_What to produce:_ Repeat the records below exactly from the line containing "Lined with pig" to the line containing "Skinny High Waist", taking in both of those lines. Drop the pictures.

_Information provided:_
━━━━━━━━

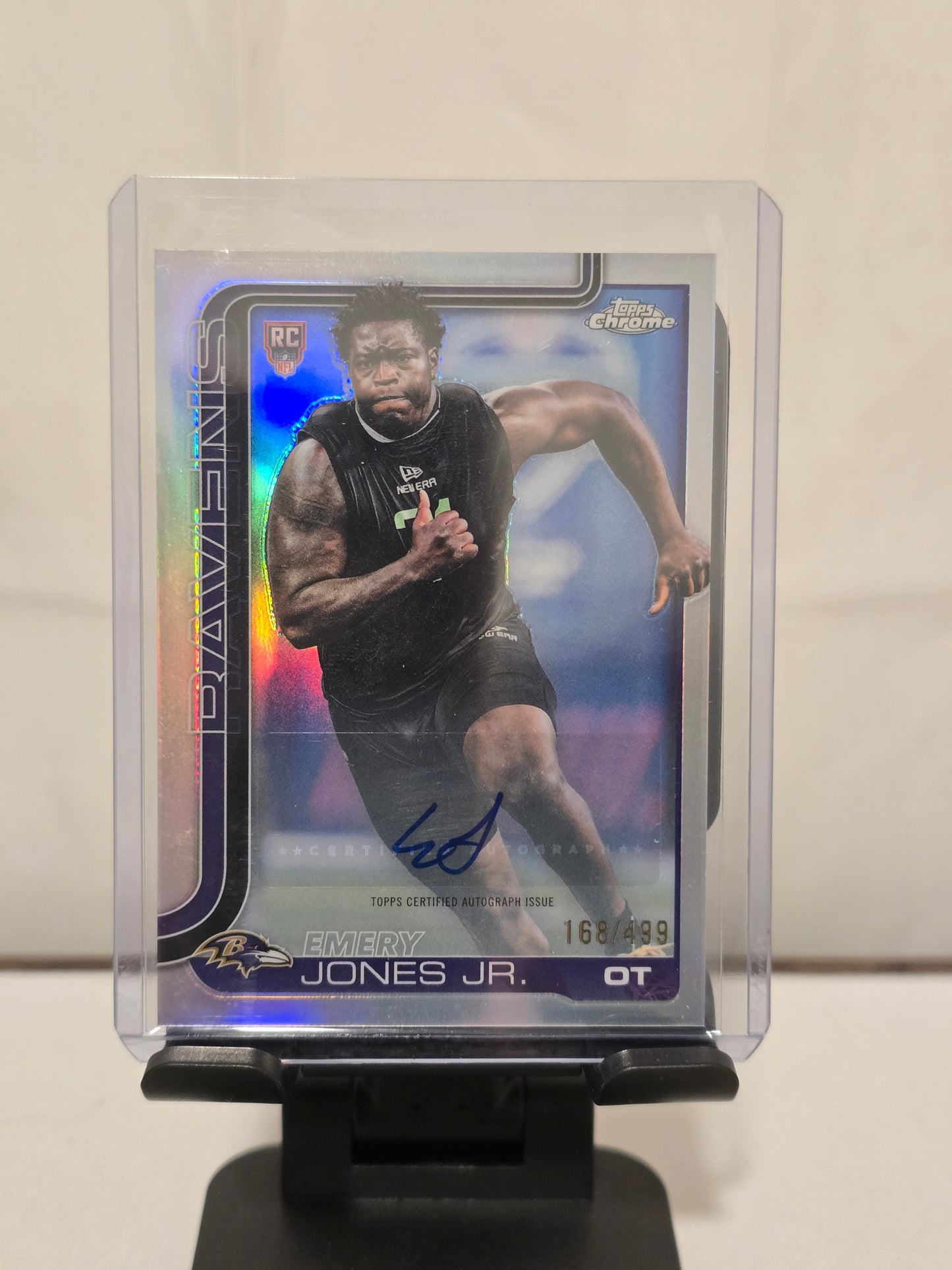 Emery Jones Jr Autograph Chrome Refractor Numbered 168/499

━━━━━━━━

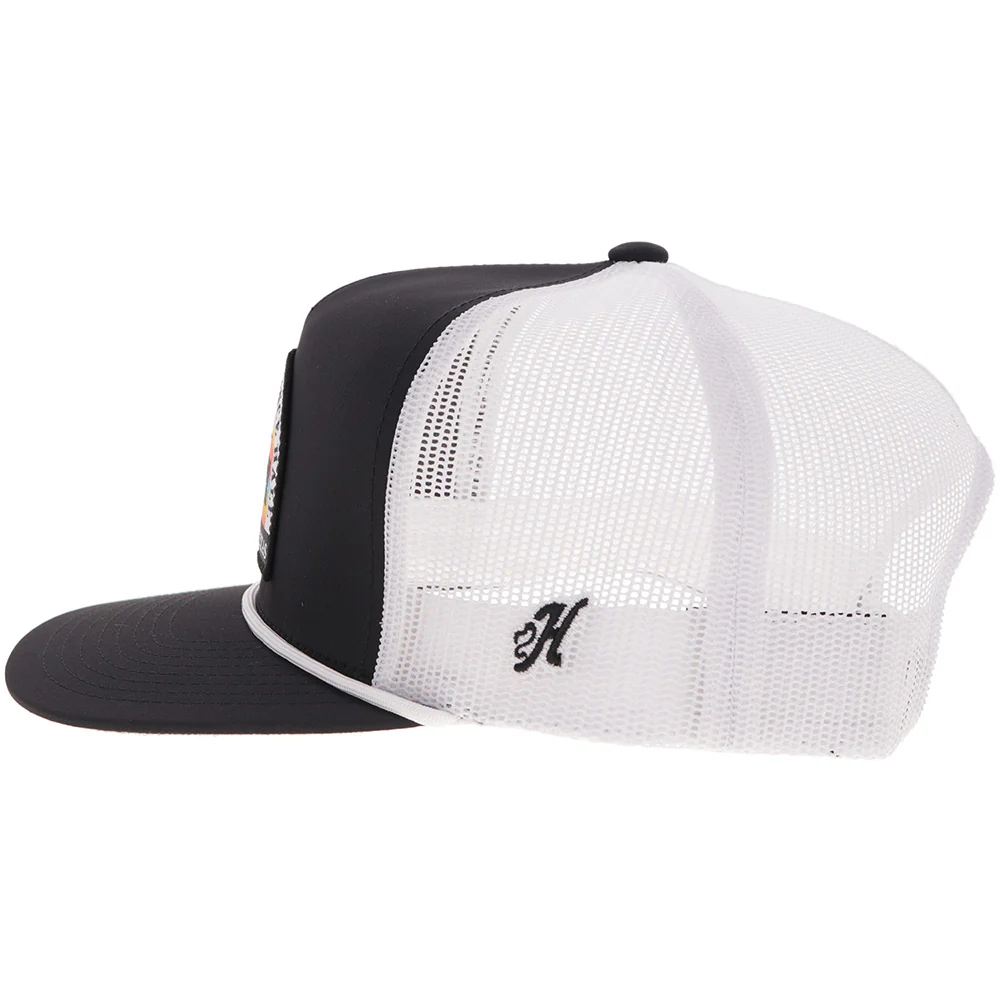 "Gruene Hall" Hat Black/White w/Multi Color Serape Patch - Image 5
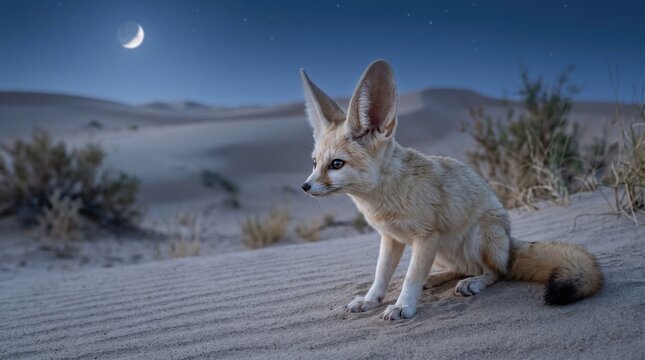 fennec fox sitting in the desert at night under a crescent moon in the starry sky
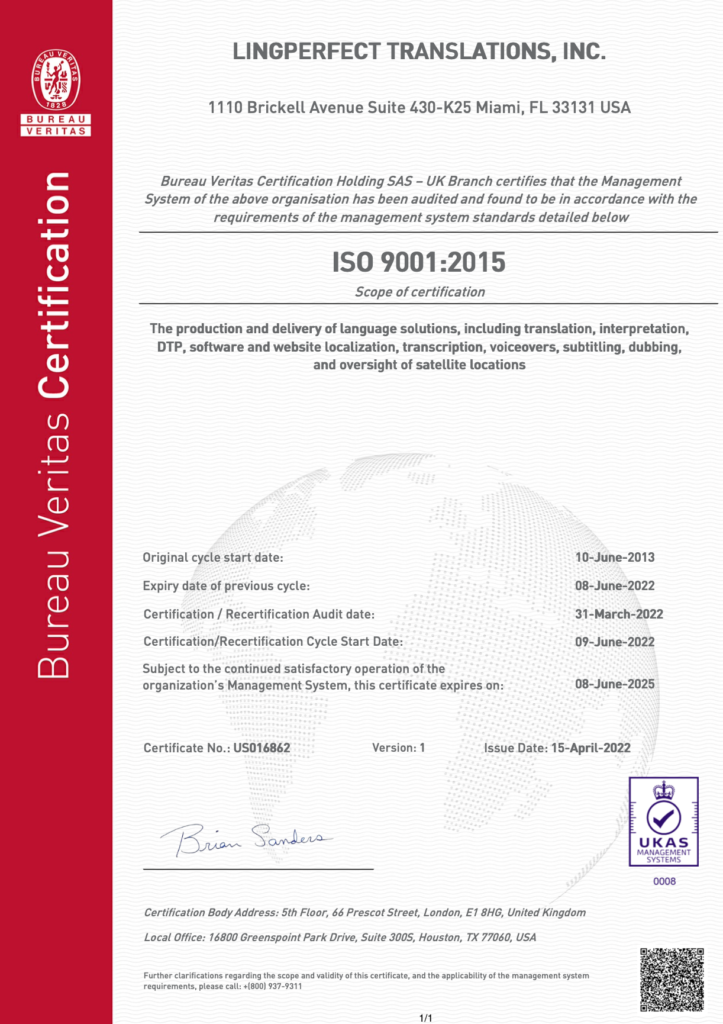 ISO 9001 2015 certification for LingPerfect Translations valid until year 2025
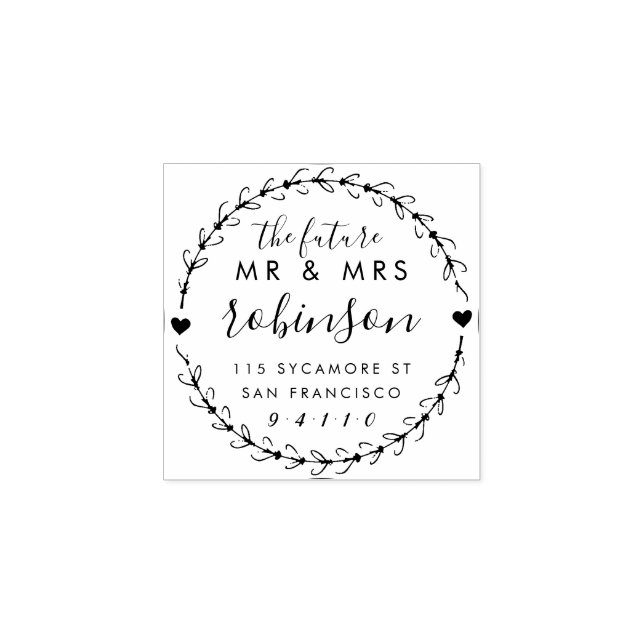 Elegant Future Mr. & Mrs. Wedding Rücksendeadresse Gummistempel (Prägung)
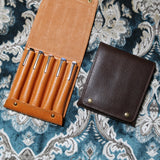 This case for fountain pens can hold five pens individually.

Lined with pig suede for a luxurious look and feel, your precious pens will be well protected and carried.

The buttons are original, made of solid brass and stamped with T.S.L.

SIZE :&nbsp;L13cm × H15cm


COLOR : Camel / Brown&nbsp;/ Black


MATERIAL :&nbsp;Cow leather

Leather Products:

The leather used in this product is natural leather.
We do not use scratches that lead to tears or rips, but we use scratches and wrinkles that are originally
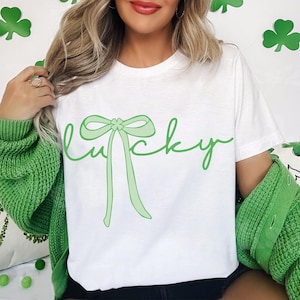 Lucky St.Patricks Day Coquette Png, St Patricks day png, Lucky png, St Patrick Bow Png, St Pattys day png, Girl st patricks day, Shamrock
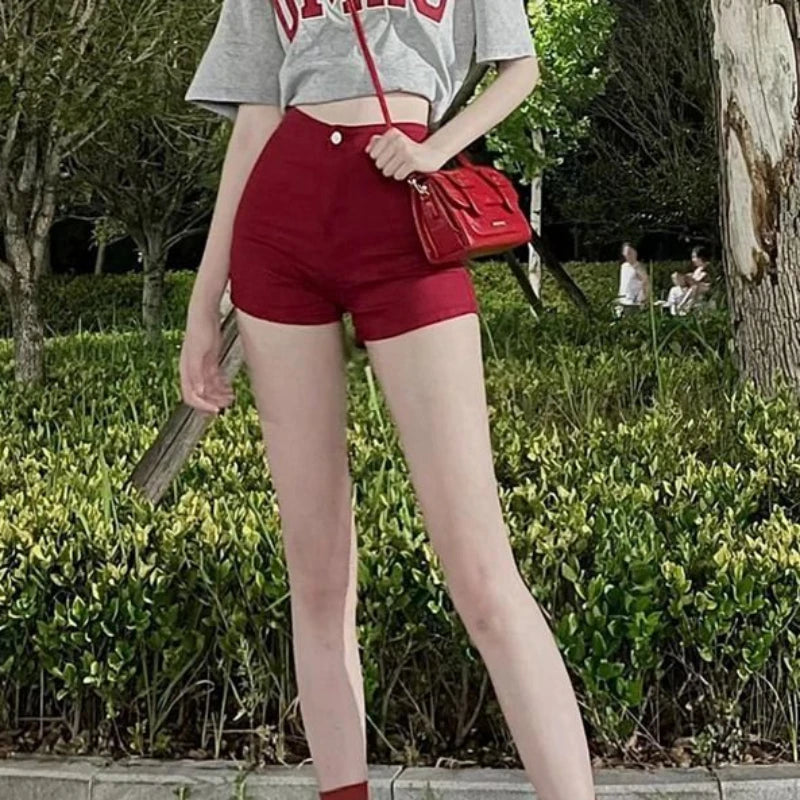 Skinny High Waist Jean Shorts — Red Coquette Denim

━━━━━━━━

_Answer to this exercise:_
Lined with pig suede for a luxurious look and feel, your precious pens will be well protected and carried.

The buttons are original, made of solid brass and stamped with T.S.L.

SIZE :&nbsp;L13cm × H15cm


COLOR : Camel / Brown&nbsp;/ Black


MATERIAL :&nbsp;Cow leather

Leather Products:

The leather used in this product is natural leather.
We do not use scratches that lead to tears or rips, but we use scratches and wrinkles that are originally
 Lucky St.Patricks Day Coquette Png, St Patricks day png, Lucky png, St Patrick Bow Png, St Pattys day png, Girl st patricks day, Shamrock
 Skinny High Waist Jean Shorts — Red Coquette Denim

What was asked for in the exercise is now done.